Christian Walti vom kirchlichen Komitee «Kirchen gegen Frontex-Ausbau» sieht das im «pfarrblatt»-Gespräch anders. Finden Sie es störend, dass es ein kirchliches Komitee gegen Frontex gibt?

Ganz und gar nicht, im Gegenteil: Erstens begrüsse ich es, dass die politische Auseinander­setzung dadurch mit zusätzlichen Argumenten angereichert wird. Zweitens mache ich mich – gerade mit Blick auf die theologische Tradition – stark für eine vitale Streitkultur der Kirchen. Anders als Parteien oder Wirtschaftsverbände zeichnen sich die Kirchen ja gerade dadurch aus, dass ihr Menschen mit ganz unterschiedlichen politischen Einstellungen angehören. Das Band, das diese Menschen vereint, ist der gemeinsame Glaube und nicht die politische Überzeugung. Problematisch würde es allerdings, wenn das Kirchen-Komitee gegen Frontex sich auf den Standpunkt stellen würde, seine Position sei die aus christlicher Sicht einzig verantwortbare Position. Auch bei der Frontex-Abstimmung gilt, was in etwa 98 % der Abstimmungen der Fall ist: Man kann in Treu und Glauben für oder gegen eine Vorlage stimmen, ohne dass man deshalb eine bessere oder schlechtere dem Christentum zugehörige Person wäre.

Darf man sich theologisch die Hände schmutzig machen, und wo sind die Grenzen?

Theologisch gesehen ist jeder Mensch in Schuldzusammenhänge verstrickt. Zu meinen, man könne dem entgehen und sich eine weisse Weste bewahren, würde an Selbstüberschätzung oder Hybris grenzen, wie es in der Theologie heisst. Auch in der Realpolitik sind eindeutige, moralisch saubere Lösungen, wie sie die moralisierte Öffentlichkeit fordert, selten zu haben. Deshalb muss man oft eine Güterabwägung zwischen zwei weniger schlechten Möglichkeiten vornehmen, bei der man sich notgedrungen die Hände schmutzig macht.


* Béatrice Acklin Zimmermann ist habilitierte Theologin und Geschäftsführerin des Thinktank Liberethica.
 

Hinweis: Der reformierte Berner Pfarrer engagiert sich im Komitee «Kirchen gegen Frontex».

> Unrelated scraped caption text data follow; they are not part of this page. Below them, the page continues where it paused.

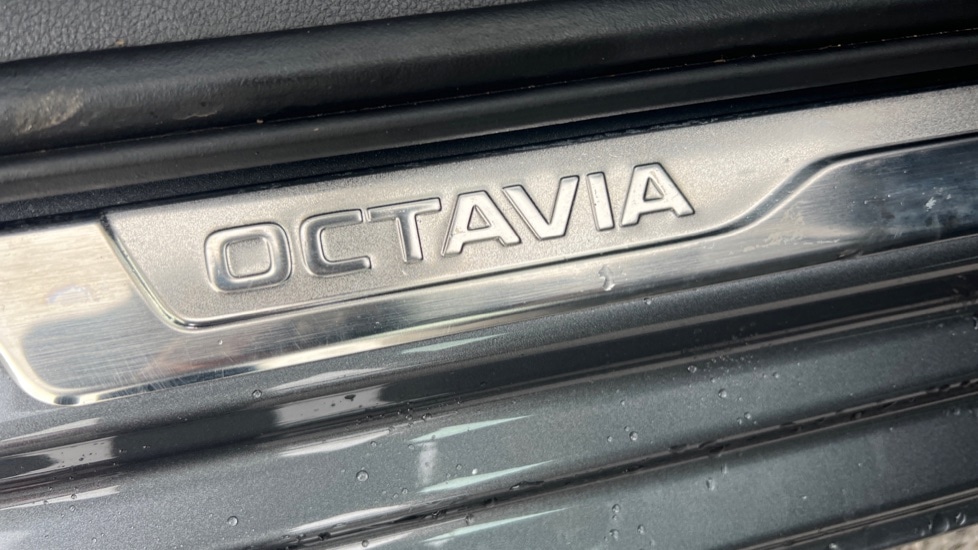 Used Skoda Octavia 2025 for sale - 76901291: Photo 47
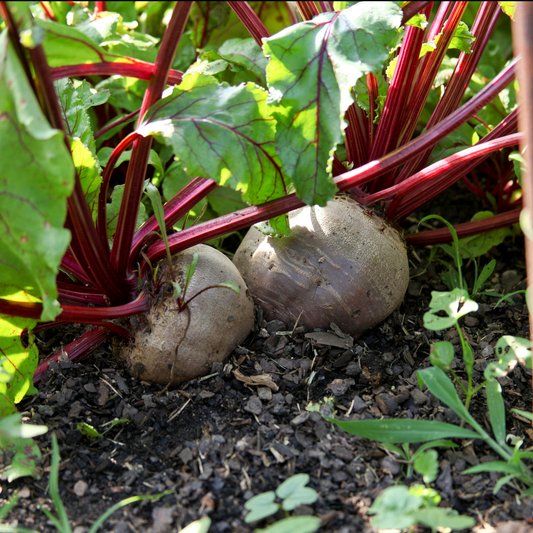 two garden beats with red stems and green leaves growing in an outdoor garden setting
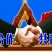 柿饼2~2.5两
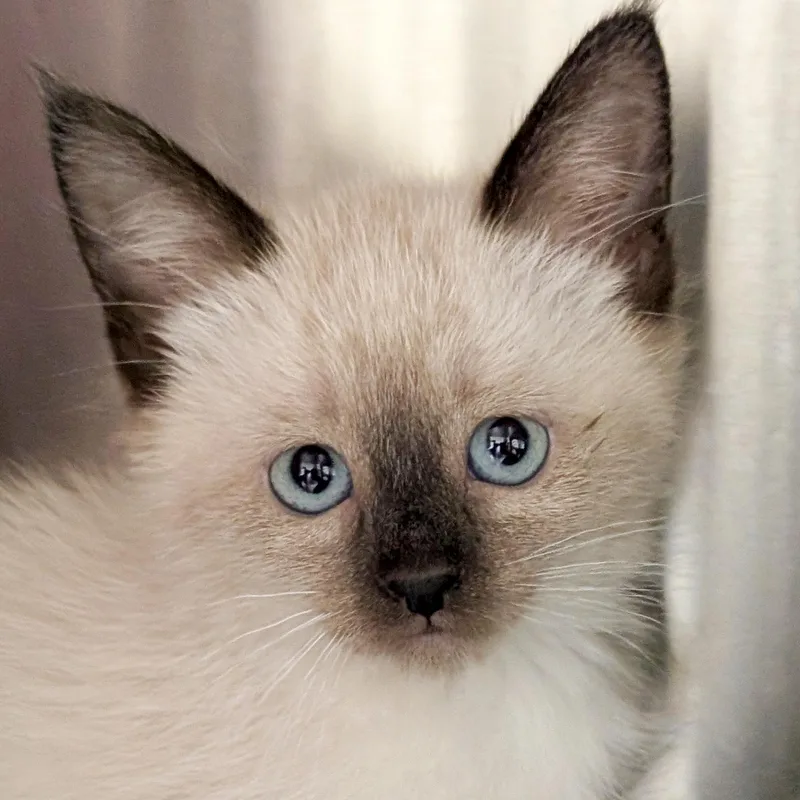 A baby medium-sized female Seal Point Domestic Short Hair cat named Da Bomb Reduced for adoption in Jefferson, WI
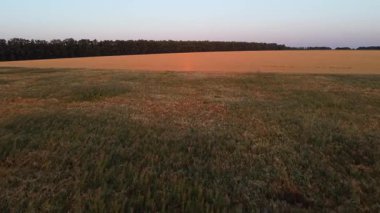 Yaz buğday tarlalarının, ağaç sınırlarının, tarımsal dokuların ve sabah ışığının havadan çekilmiş altın saat görüntüleri.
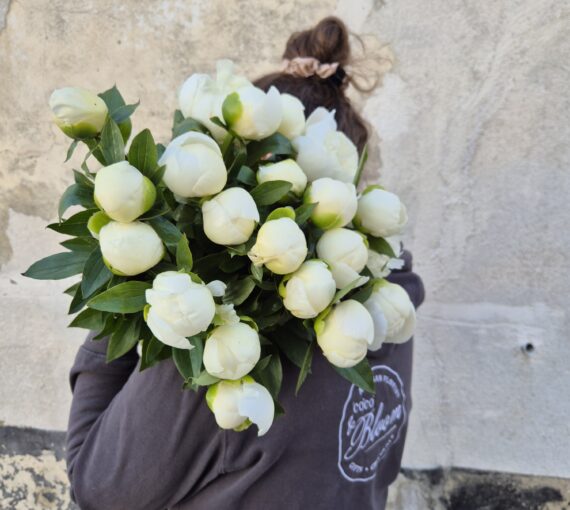 Abundance of Peonies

Die Agentur für die Grenz- und Küstenwache Frontex unterstützt die Schengen-Staaten bei der Kontrolle der EU-Aussengrenzen. Die Schweiz gehört zum Schengen-Raum, seit 2011 mit Beteiligung an Frontex. Am 15. Mai wird in einer Abstimmung darüber entschieden, ob die Schweiz ihren Beitrag von bislang 24 auf 61 Millionen Franken erhöhen soll.